-- YOUR OBJECTIVE --
Please set down, unchanged, each line from the one with "Building Photo - 16240 W La Ventilla Way" to the final line of the data below, both included. Drop the pictures.

Captioned web image data:
═══

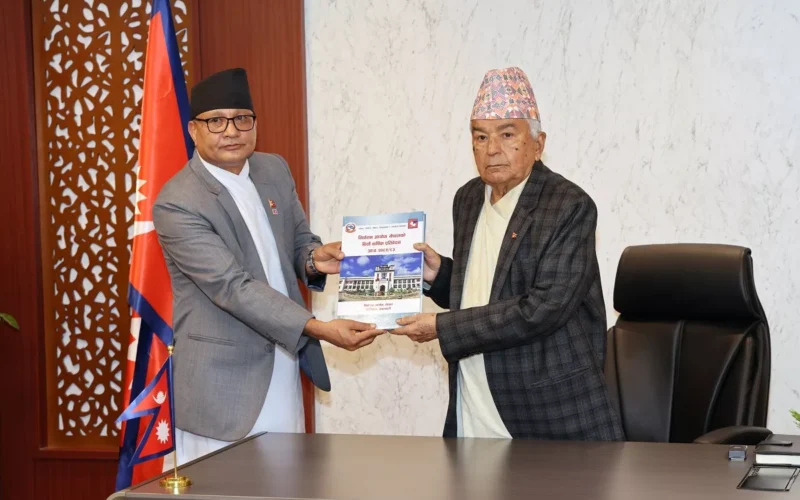राष्ट्रपतिसमक्ष निर्वाचन आयोगको वार्षिक प्रतिवेदन पेस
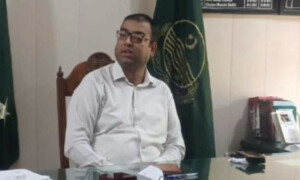 اسسٹنٹ کمشنر پتوکی سیلاب کے دورے کے دوران دل کا دورہ پڑنے سے انتقال کرگئے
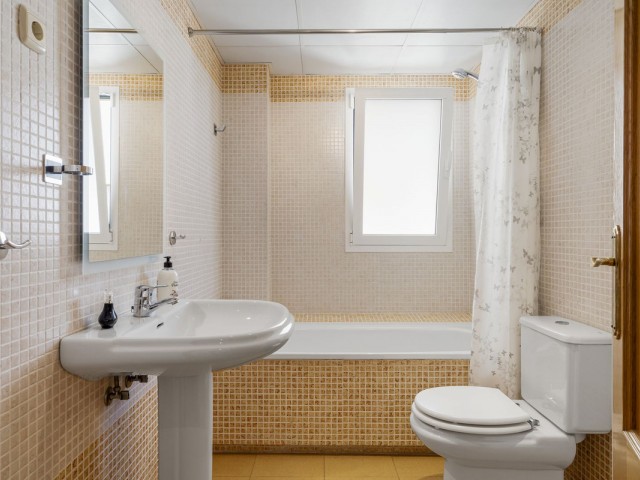 4 Bedrooms Apartment in Benalmadena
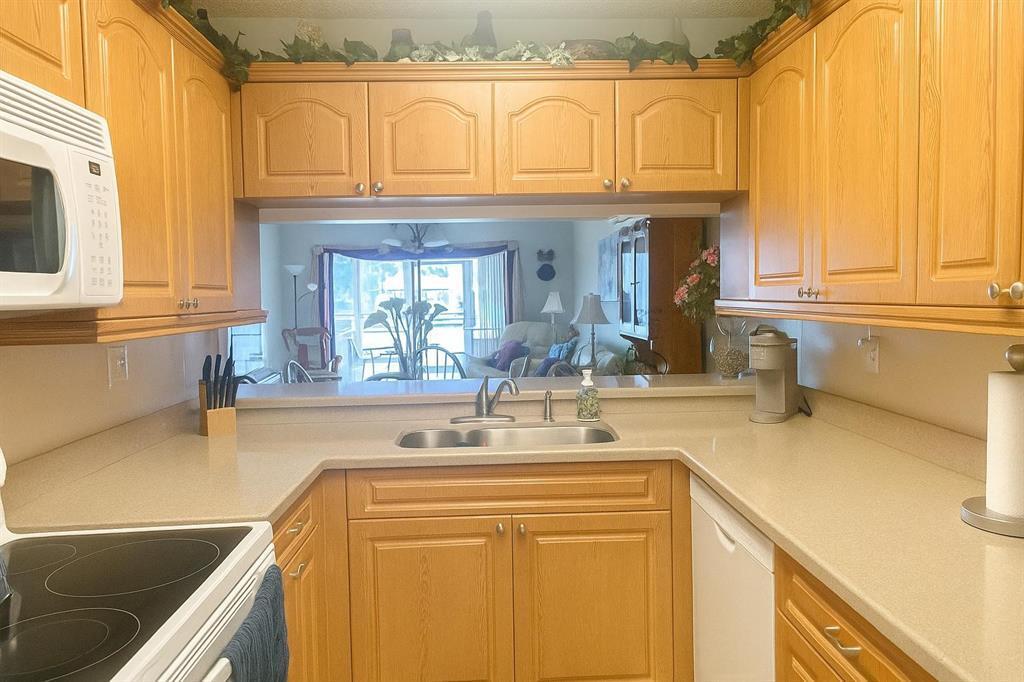 9832 West McNab Road Tamarac, FL 33321 - Photo 4 of 18 4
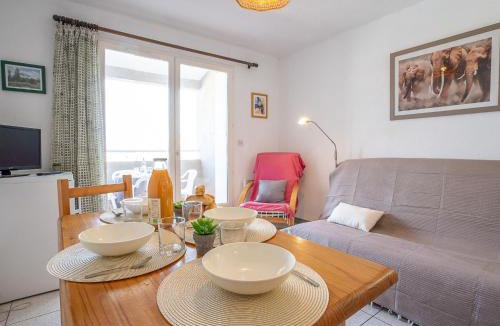 Saint-Cyprien Plage Apartment | Apartment Le Clos de St Cyprien-6 by Interhome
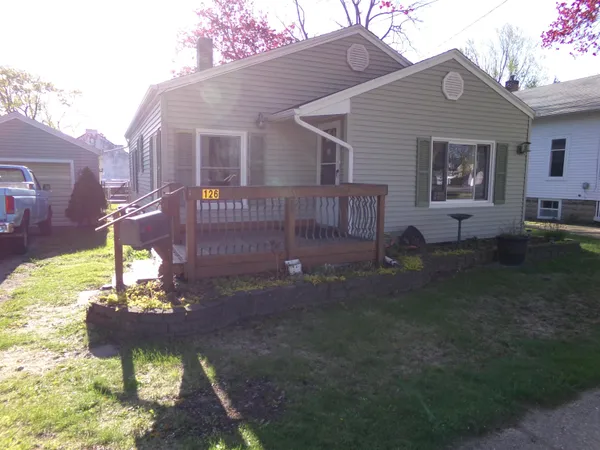 $139,900 | 126 North Ithaca Street, Ithaca, MI 48847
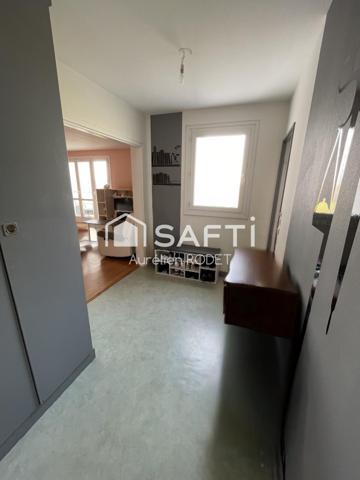 Appartement T5 avec balcon.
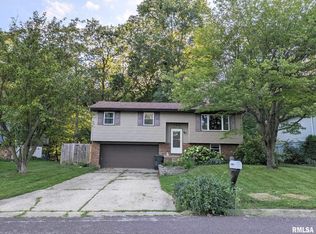 132 Shoshone Dr, East Peoria, IL 61611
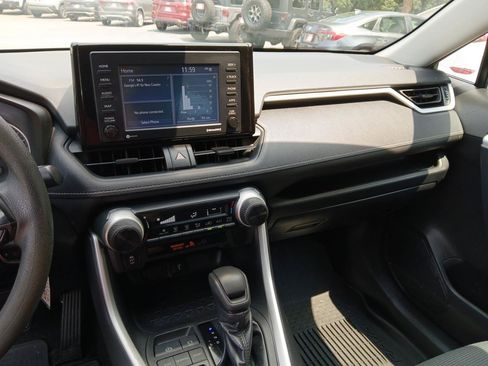 Used 2021 Toyota RAV4 LE FWD image 20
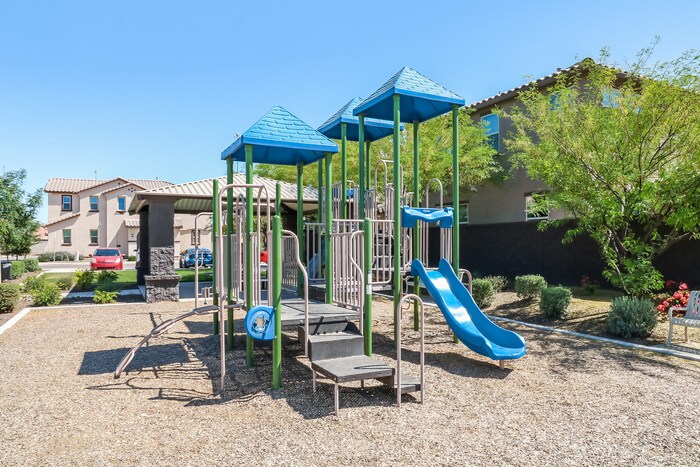 Building Photo - 16240 W La Ventilla Way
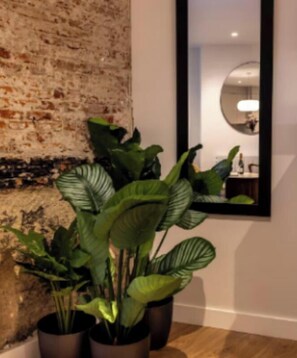 Interior - Luxury Renovated 3-Bedroom Apartment in the Heart of Madrid (Madrid)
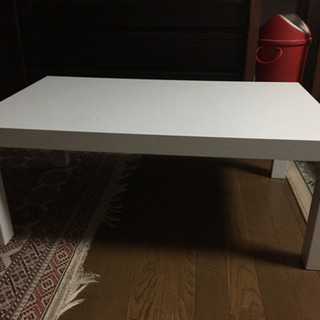 白色のテーブル(イケヤで購入)の画像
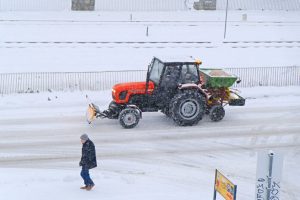 Zima w Rzeszowie: karetki w zaspach, interwencje straÅ¼y, 400 ton soli na ulicach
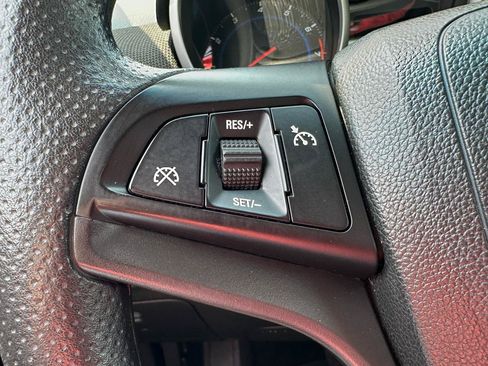 Used 2015 Chevrolet Cruze LT FWD image 15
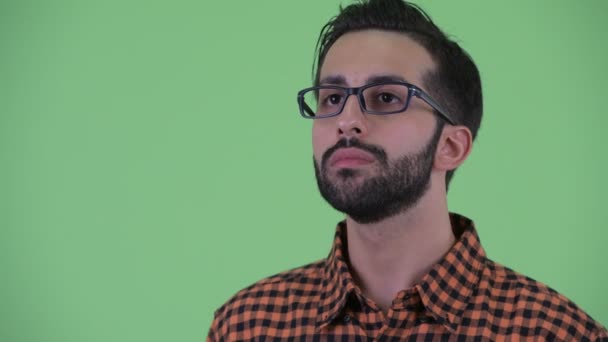Rostro de feliz joven barbudo hipster persa hombre pensando — Vídeos de Stock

═══

-- RESULT BELOW --
 Building Photo - 16240 W La Ventilla Way
 Interior - Luxury Renovated 3-Bedroom Apartment in the Heart of Madrid (Madrid)
 白色のテーブル(イケヤで購入)の画像
 Zima w Rzeszowie: karetki w zaspach, interwencje straÅ¼y, 400 ton soli na ulicach
 Used 2015 Chevrolet Cruze LT FWD image 15
Rostro de feliz joven barbudo hipster persa hombre pensando — Vídeos de Stock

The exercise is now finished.